> **Work order**:
Where the line containing "Pedigree registered suffolk" appears in the entries below, start there and print only that line and every line after it, exactly, through the end, excluding pictures.
^^^^^^^^^^^^^^^^
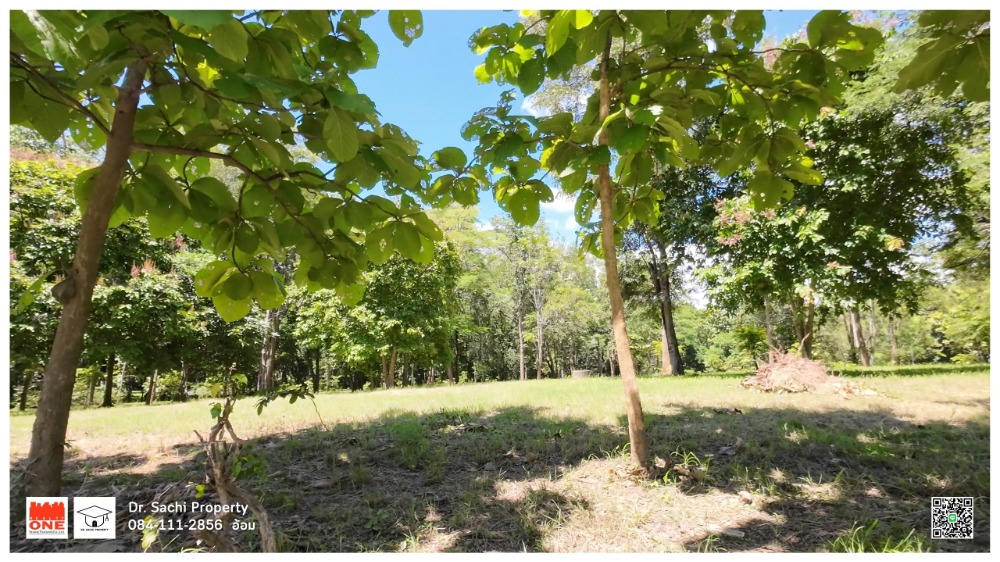 For SaleLandLamphun : Land for sale near Lamphun Government Center (new location) 1-2-82.8 rai, good atmosphere, vacation home style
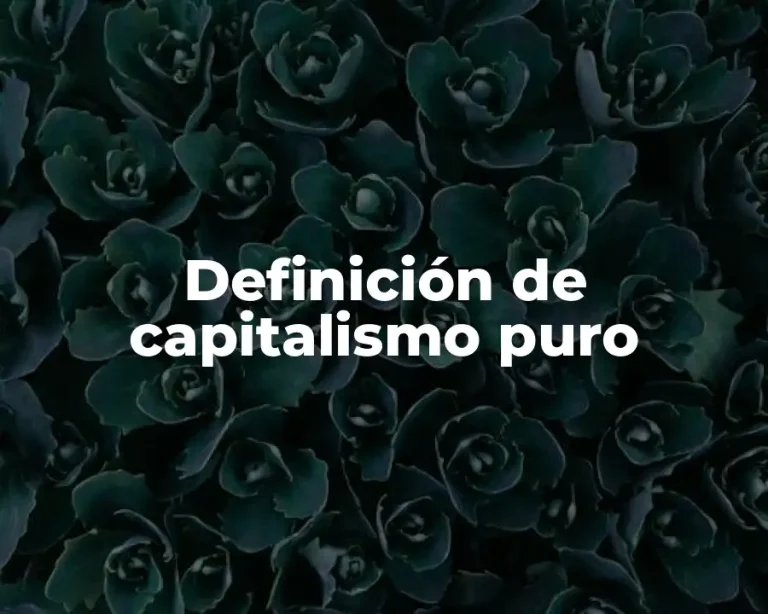 Definición de capitalismo puro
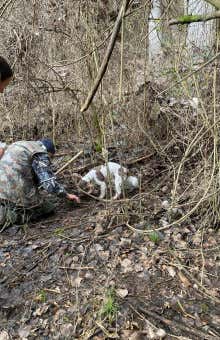 Caccia al tartufo a Bologna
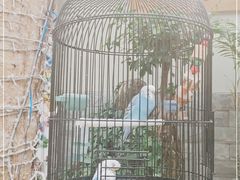 -丽江庭院之丽江往事(安定门店)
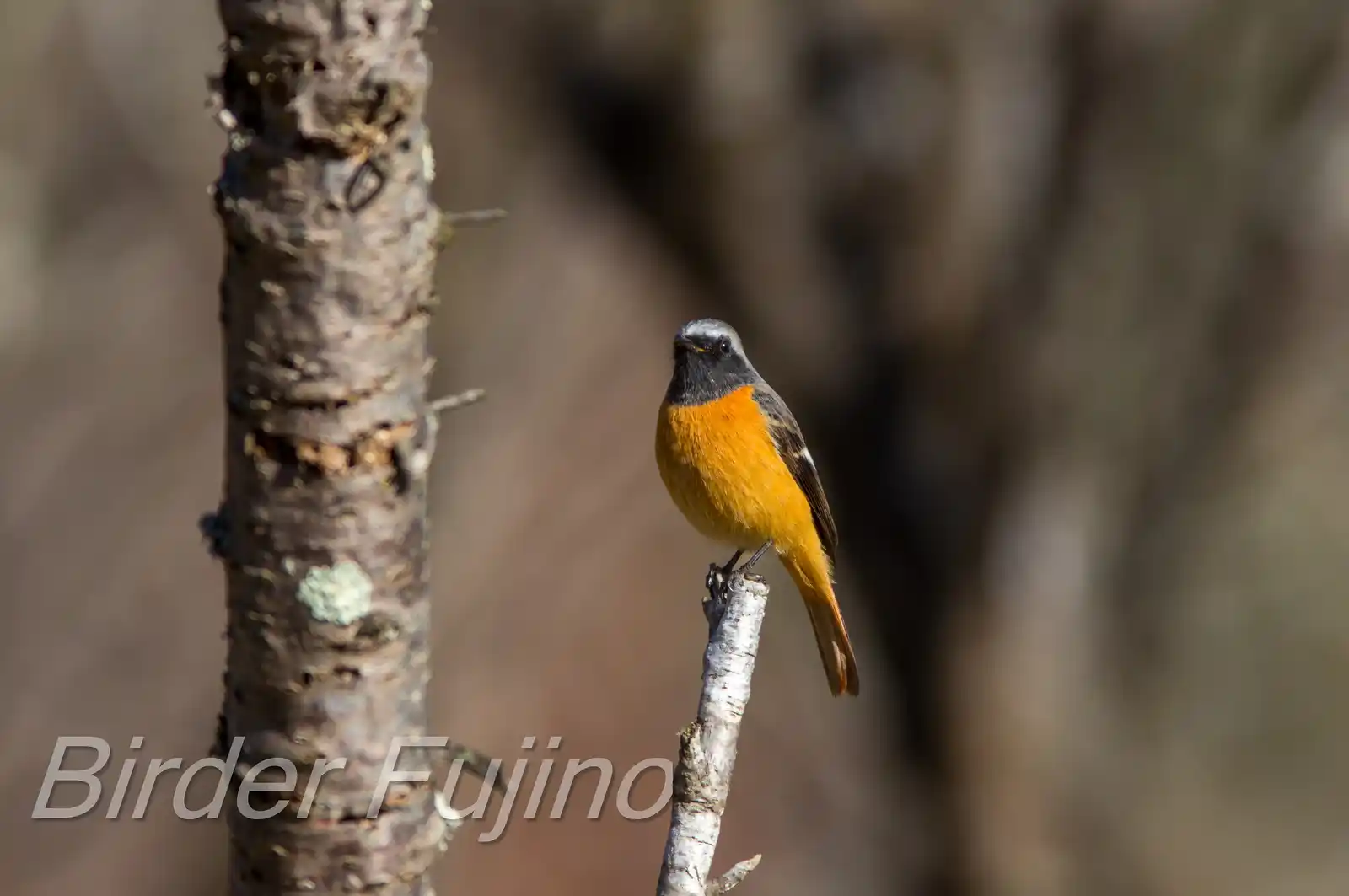 高解像。野鳥・ジョウビタキ(雄)の写真画像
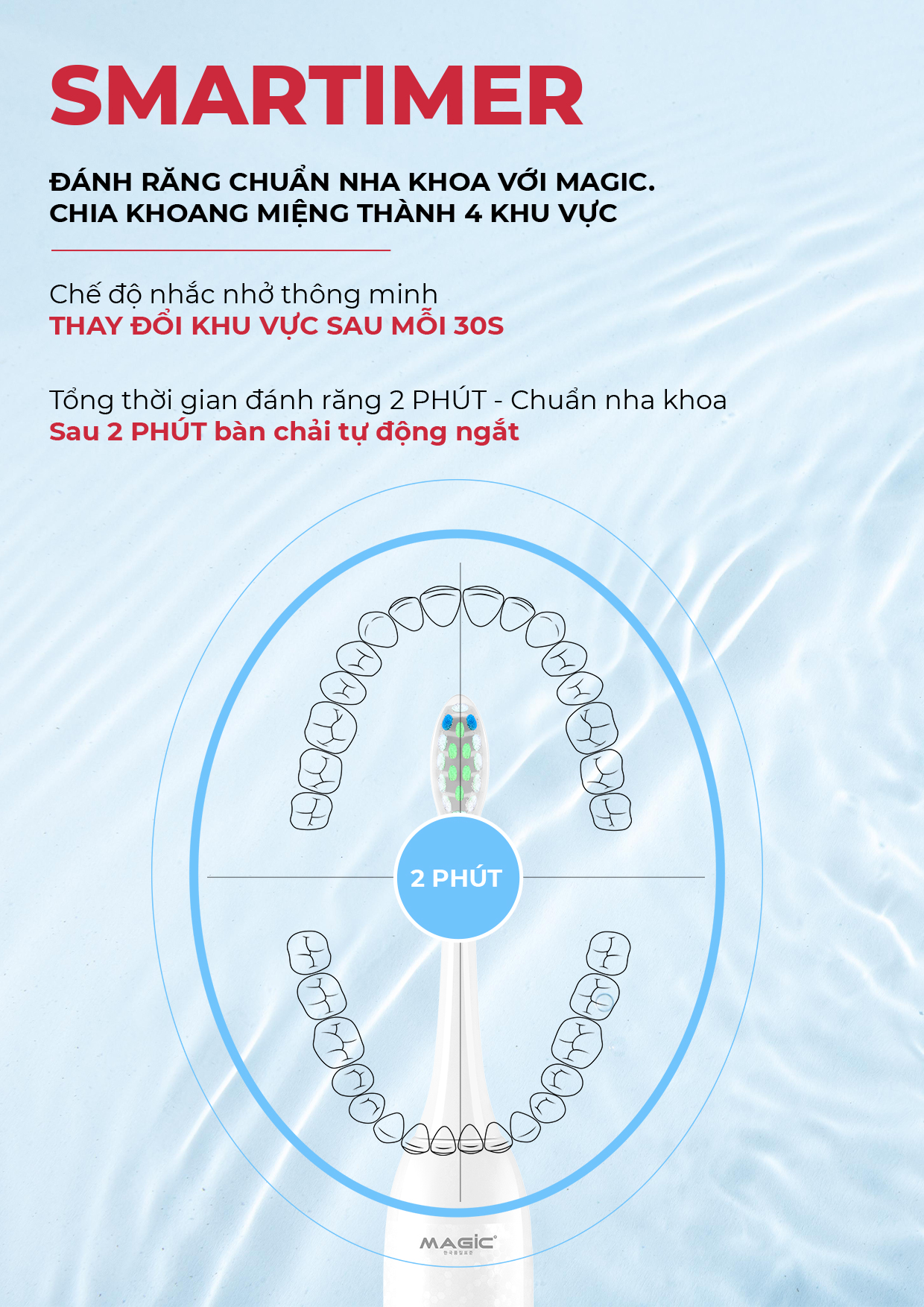 Bàn chải điện B-26 16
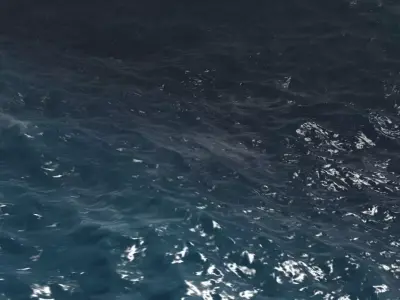 sea ocean aniamtion river lake water 3D model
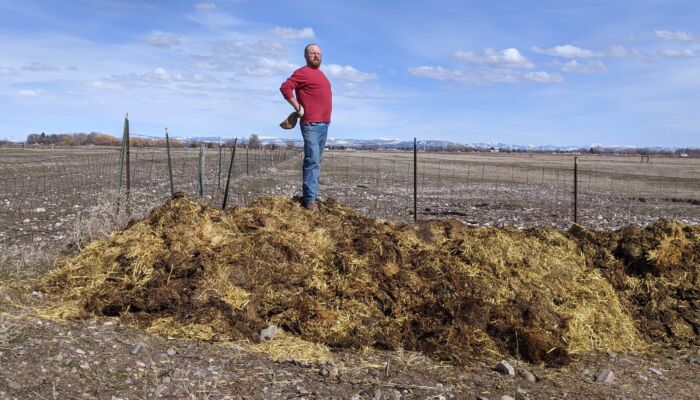 manure pile
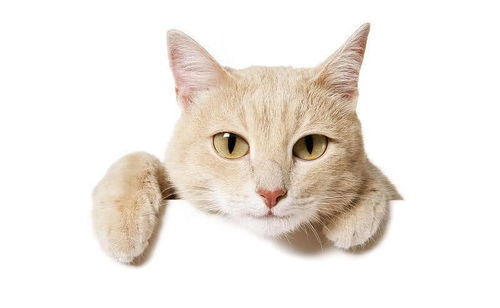 为什么猫咪频繁的蹲猫砂盆 而且会时不时惨叫 一篇文章告诉你 进行 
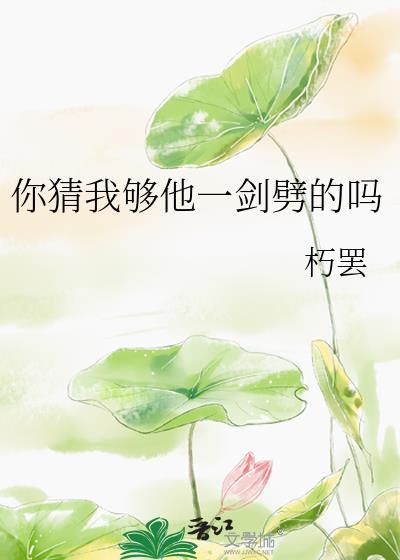 你猜我够他一剑劈的吗笔趣阁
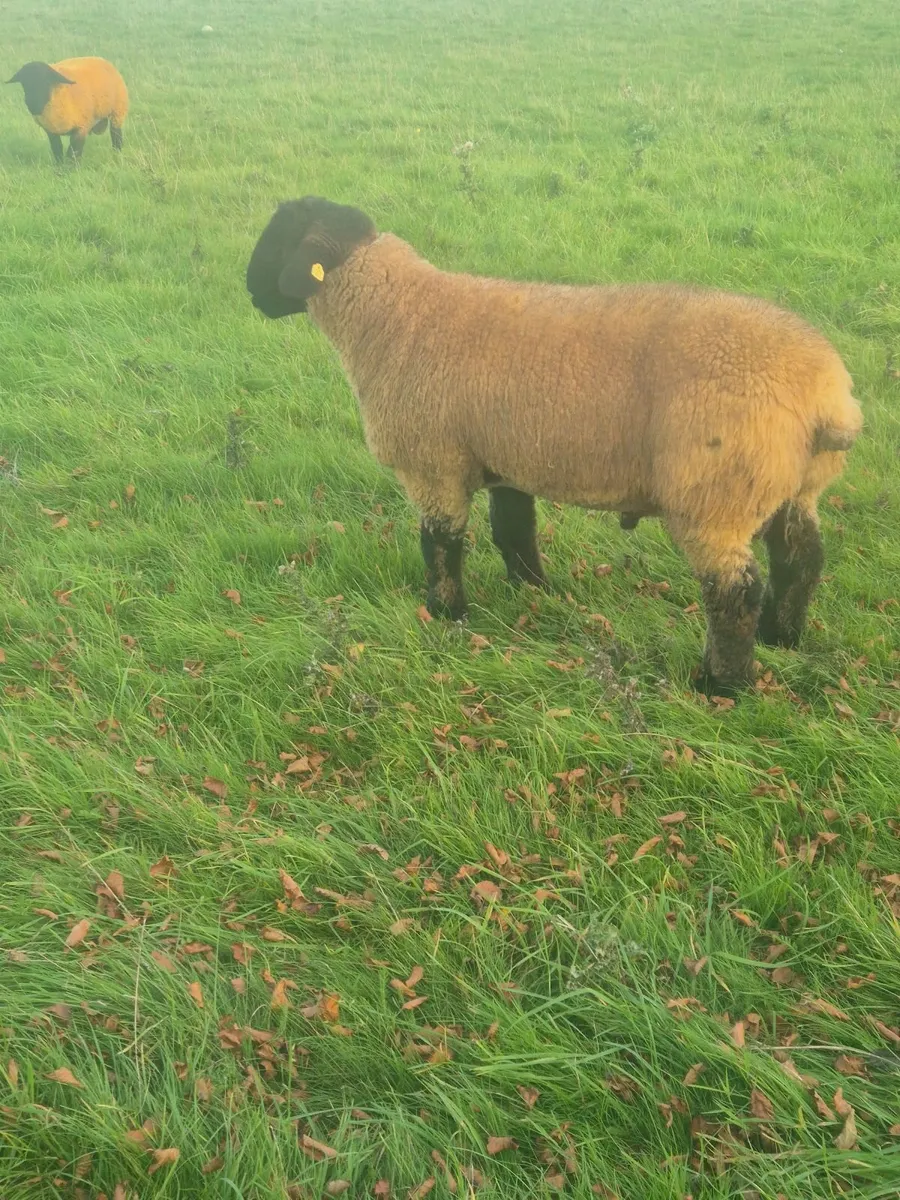 Pedigree registered suffolk ram lambs - Image 3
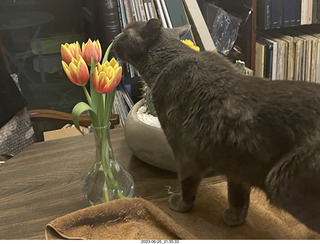 my cat Jane and my new flowers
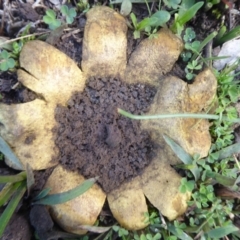 Scleroderma sp. (Scleroderma) at Mount Ainslie - 7 Jul 2019 by Christine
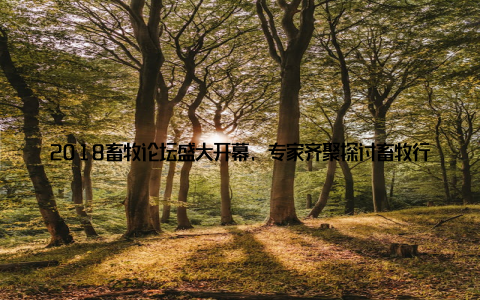 2018畜牧论坛盛大开幕, 专家齐聚探讨畜牧行业未来趋势近日, 以畜牧行业未来趋势为主题的2018畜牧论坛在我国某城市隆重开幕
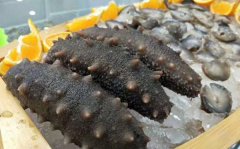 如何對進行海參室內(nèi)控溫養(yǎng)殖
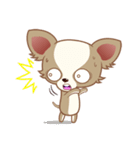 Lucky Chihuahua（個別スタンプ：37）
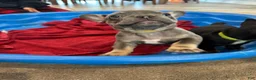 French Bulldog dogs for sale: Beauty - Ad 4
^^^^^^^^^^^^^^^^
> **Output**:
 Pedigree registered suffolk ram lambs - Image 3
 my cat Jane and my new flowers
 Scleroderma sp. (Scleroderma) at Mount Ainslie - 7 Jul 2019 by Christine
 2018畜牧论坛盛大开幕, 专家齐聚探讨畜牧行业未来趋势近日, 以畜牧行业未来趋势为主题的2018畜牧论坛在我国某城市隆重开幕
 如何對進行海參室內(nèi)控溫養(yǎng)殖
 Lucky Chihuahua（個別スタンプ：37）
 French Bulldog dogs for sale: Beauty - Ad 4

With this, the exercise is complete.